[EXERCISE REQUIREMENTS]
From the first line to the last, return the data exactly, with no pictures.

______

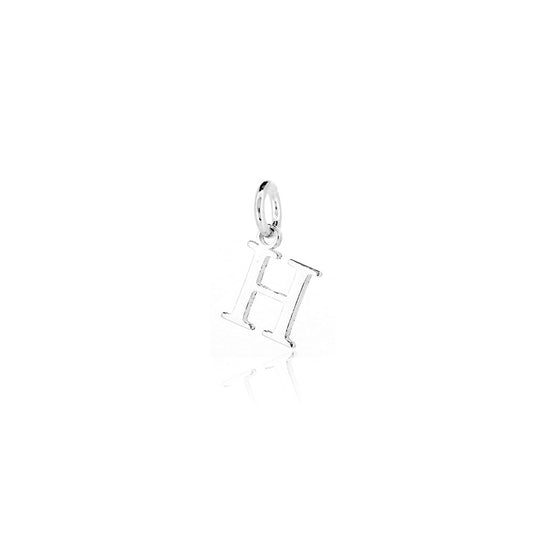 Initial "H" Charm - Sterling Silver Pendants and Charms
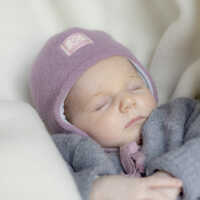 Pickapooh Jack Wintermütze aus Wollfleece kbT/ Bio Baumwollfutter 52 alt rose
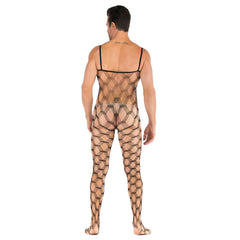 Hollow Temptation Men's Fishnet Pantyhose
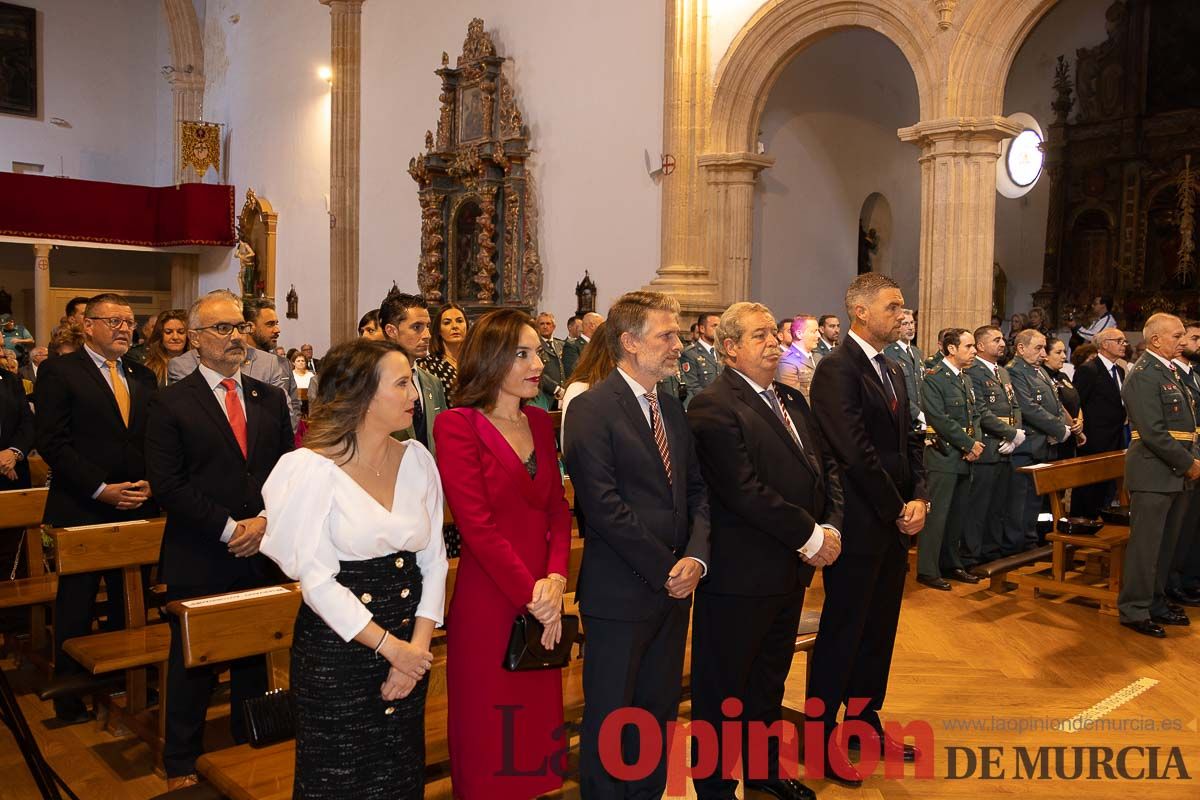 Celebración de la patrona de la Guardia Civil en Caravaca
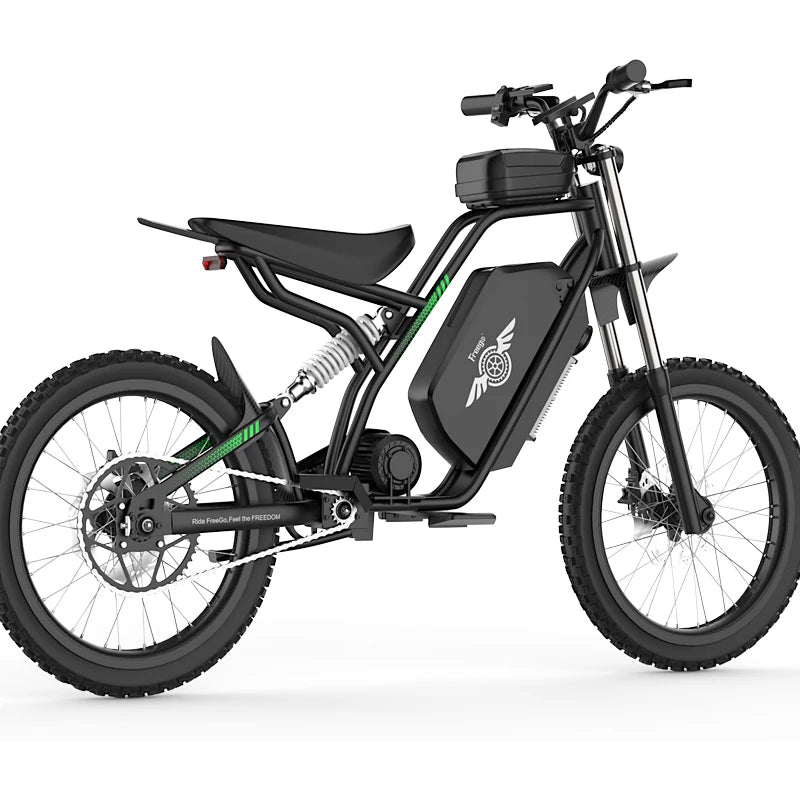 Freego Electric Bike Mid-Drive All-Terrain Dirt Ebike Mountain bike 60V 25AH Bikes Adult Electric Off-Road Bicycle Motocycles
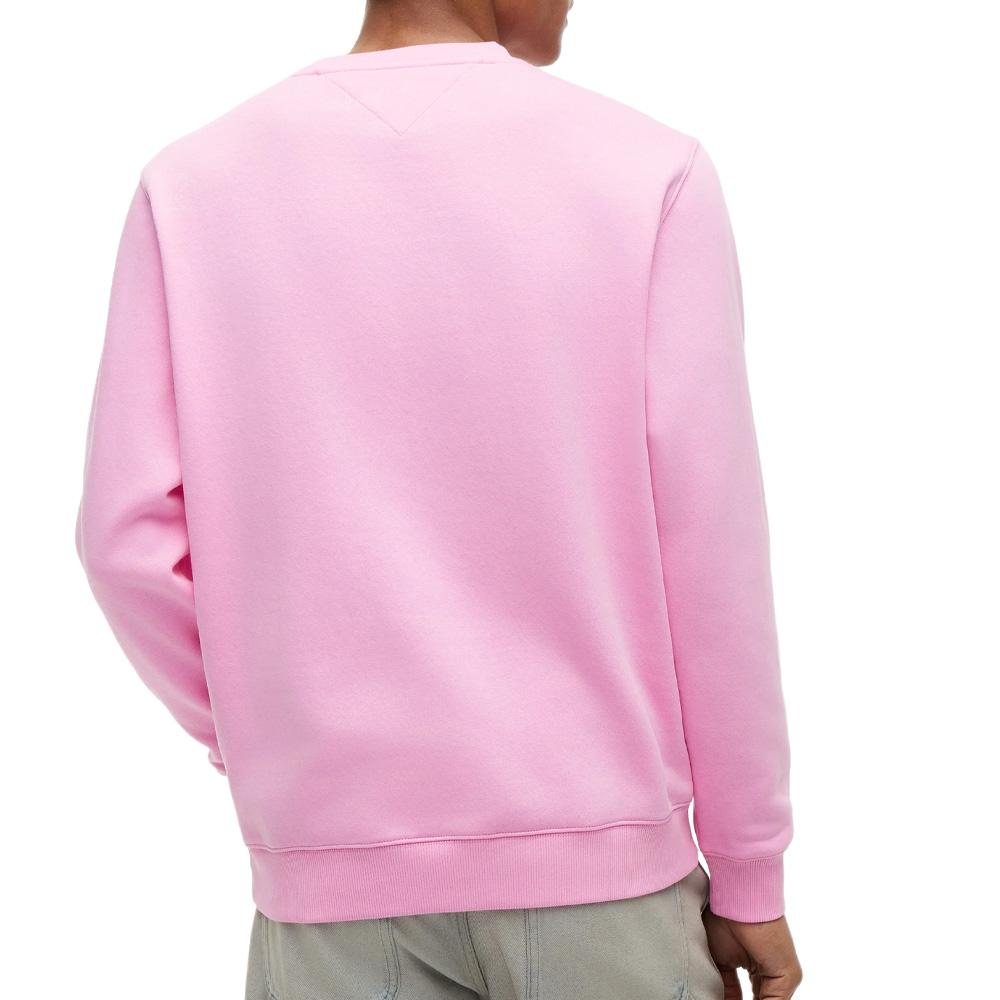 Sweat Rose Homme Tommy Hilfiger Reg Flag Crews vue 2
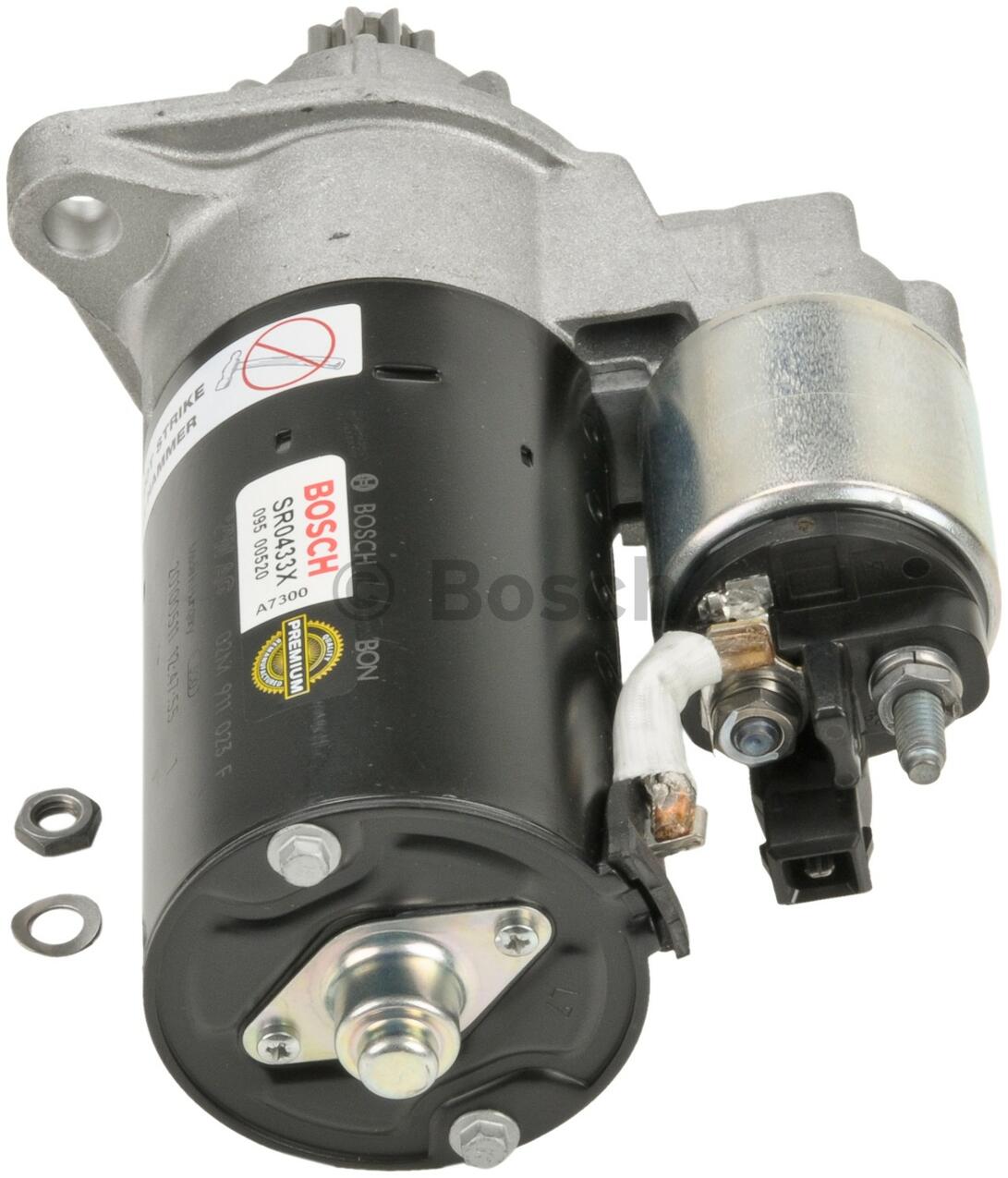 Audi VW Starter Motor (Rebuilt) 02M911023FX – Bosch SR0433X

______

[SOLUTION TO THE EXERCISE]
 Initial "H" Charm - Sterling Silver Pendants and Charms
 Pickapooh Jack Wintermütze aus Wollfleece kbT/ Bio Baumwollfutter 52 alt rose
 Hollow Temptation Men's Fishnet Pantyhose
 Celebración de la patrona de la Guardia Civil en Caravaca
 Freego Electric Bike Mid-Drive All-Terrain Dirt Ebike Mountain bike 60V 25AH Bikes Adult Electric Off-Road Bicycle Motocycles
 Sweat Rose Homme Tommy Hilfiger Reg Flag Crews vue 2
 Audi VW Starter Motor (Rebuilt) 02M911023FX – Bosch SR0433X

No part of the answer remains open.